[Start of section]

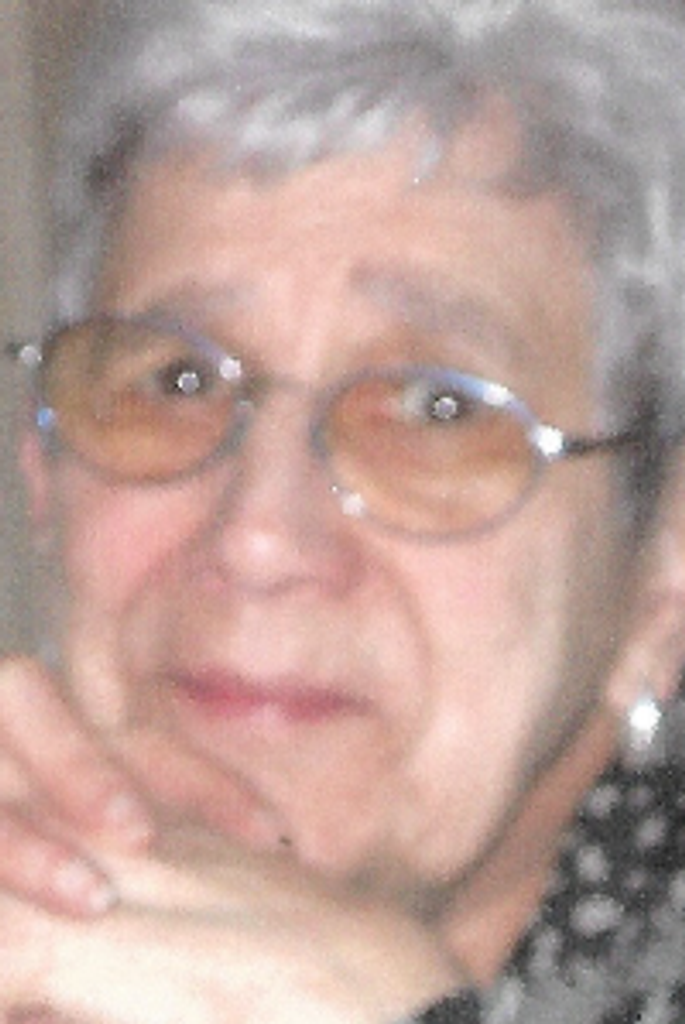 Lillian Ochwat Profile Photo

[End of section]
[Start of section]

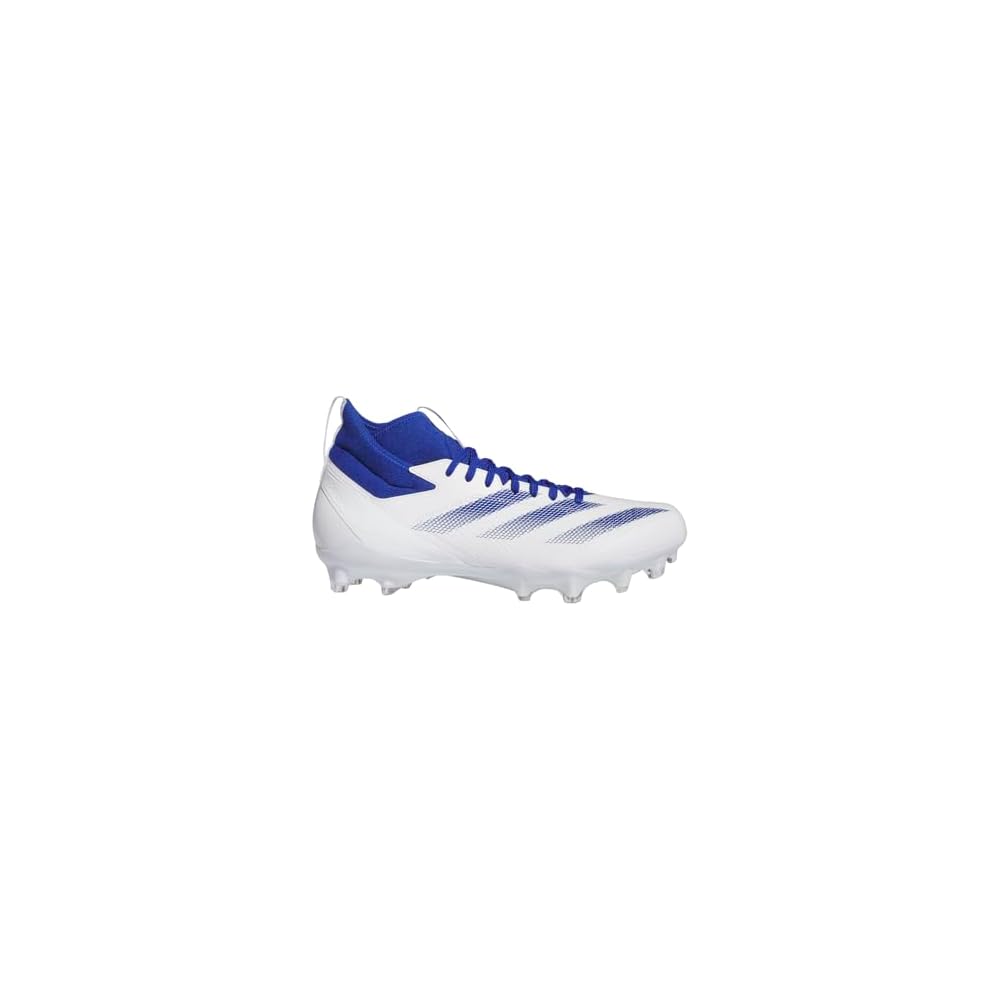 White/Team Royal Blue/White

[End of section]
[Start of section]

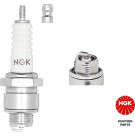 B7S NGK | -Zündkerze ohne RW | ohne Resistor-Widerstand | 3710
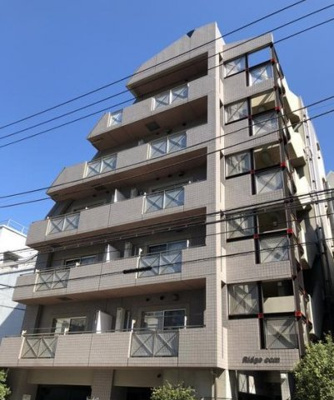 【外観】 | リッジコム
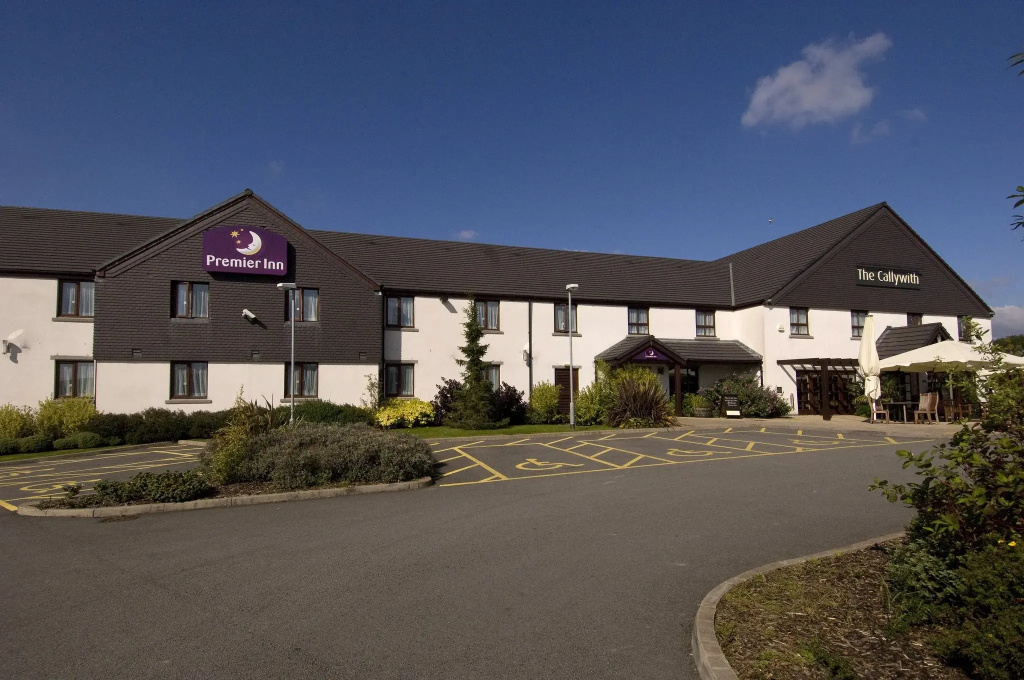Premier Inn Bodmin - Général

[End of section]

● **Prompt**:
Once the line with "B7S NGK | -Zündkerze" has been found above, output that line and every later line exactly, stopping after the line with "Premier Inn Bodmin - Général", and omit the pictures.

● **Solution for this task**:
 B7S NGK | -Zündkerze ohne RW | ohne Resistor-Widerstand | 3710
 【外観】 | リッジコム
Premier Inn Bodmin - Général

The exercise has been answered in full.